In The Court of Appeals

Ex Parte:
Eastern Savings Bank, FSB, Appellants,


Albert J. Sanders, Jr., Respondent.

In Re:
Eastern Savings Bank, FSB, Plaintiff,


Roy A. Rouse, a/k/a Roy Rouse; Jean C. Rouse, a/k/a Jean Rouse; Neff Rental, Inc.; and Oswald Wholesale Lumber, Inc., Defendants.

Appeal From Lexington County
 Clyde N. Davis, Jr., Master-In-Equity

Opinion No. 4234
Heard April 3, 2007 – Filed April 16, 2007


Thomas A. Shook and Sean O’Connor, both of North Charleston, for Appellant.

James W. Poag, Jr., of West Columbia, for Respondent.

ANDERSON, J.:  Eastern Savings Bank, FSB appeals the master-in-equity’s denial of its motion to vacate and set aside a foreclosure sale because of a bidding mistake by Bank’s counsel and low sales price that resulted.  We affirm.


Eastern Savings Bank, FSB (“the Bank”) obtained a mortgage from Roy and Jean Rouse in the amount of $490,000.00 on real property and a house located at 117 Maxie Road in Lexington (“the Property”).  When the Rouses failed to make their scheduled payments, the Bank elected to accelerate payment of the entire indebtedness, which, including attorney’s fees and costs, amounted to $578,303.20.  In August 2005, the Bank sought foreclosure of the mortgage and expressly demanded the right to a deficiency judgment, reserving the right to waive the deficiency at the time of sale.  The master entered a judgment of foreclosure for the Bank and ordered the Property sold at public auction.

Following advertisement, the Property was set to be auctioned on October 3, 2005, a regularly scheduled sales date.  The Bank instructed its counsel to bid up to $550,000.00 for the property.  This information was communicated to Bonnie Hook, a paralegal for the Bank’s law firm who typically worked with foreclosures.  Hook did not personally go to the sale, but instead sent her assistant with instructions to “begin [bidding] at $100,000.00 and to go up to $550,000.00.”  Following Hook’s instructions, the representative bid $100,000.00.  There were no other bids made at that time.

Pursuant to section 15-39-720 of the South Carolina Code (2005), bidding was reopened on November 2, 2005, with several individuals placing offers.  Albert Sanders had the highest bid ($246,000.00) and paid the requisite five percent deposit to the court.  Neither the Bank, its counsel, nor any other representative was present at the second auction.  Presumably, they declined to attend because the Bank was barred from making another bid under section 15-39-720, or possibly because they simply had not realized bidding had not closed after the October 2 proceeding.  

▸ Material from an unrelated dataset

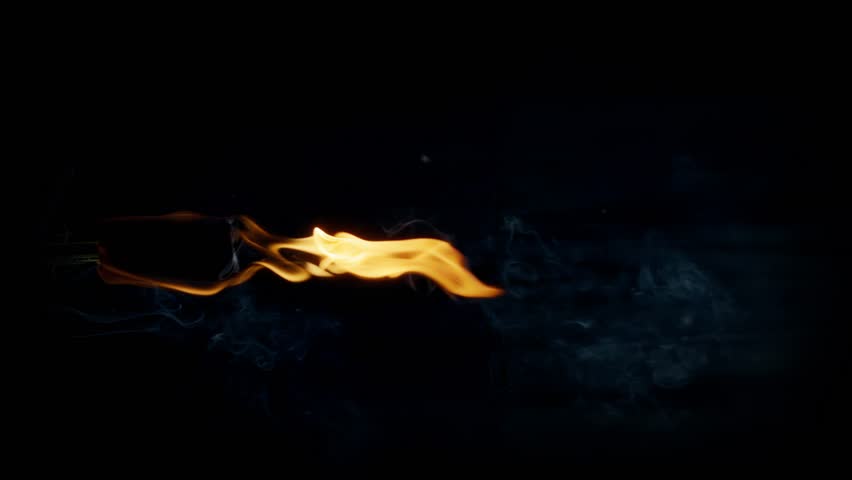 Shutterstock Video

On November 3, 2005, the Bank inquired with Hook in regard to the bid from Sanders.  Hook then contacted the court, whereupon she learned the Property involved a deficiency judgment and immediately recognized she had made a mistake in her earlier bidding instructions to her assistant. 

On November 9, 2005, the Bank filed a motion to vacate and set aside the sale to Sanders.  The Bank argued the low sales price, along with the misunderstanding and circumstances that caused the Bank to mistakenly bid only $100,000.00, dictated the sale be set aside.  Additionally, the Bank asserted the price Sanders paid was so low as to shock the conscience of the court.

The master held a hearing on the matter in January 2006.  As stated in the master’s order, Hook “candidly admitted that she made a mistake in her bid instructions and that no one else was responsible for the error.  She stated that the sale was properly held and that no third party interfered with bidding.” 

Testimony and other evidence provided values of the Property ranging from $324,940.00 to $900,000.00.  The assistant vice-president for the Bank testified that despite Bank authorizing only $550,000.00 as its highest bid, he valued the Property at $700,000.00 for lending purposes.  Although the Rouses never received an offer, the home had been marketed for sale prior to foreclosure and was listed for as low as $625,000.00.  Renee Bolos, the real estate agent who first represented the Rouses, stated she estimated the Property to be worth $900,000.00.  Rusty Johnson, a real estate agent who later attempted to sell the Property, valued it at $750,000.00.  After listing the Property at this price for six months, the amount was reduced to $600,000.00.   Nevertheless, Johnson was unable to generate any offers.  When the Rouses attempted to sell the Property at private auction with a reserve price of $650,000.00, the highest bid received was $350,000.00.  The county tax appraisal for the home was $324,940.00.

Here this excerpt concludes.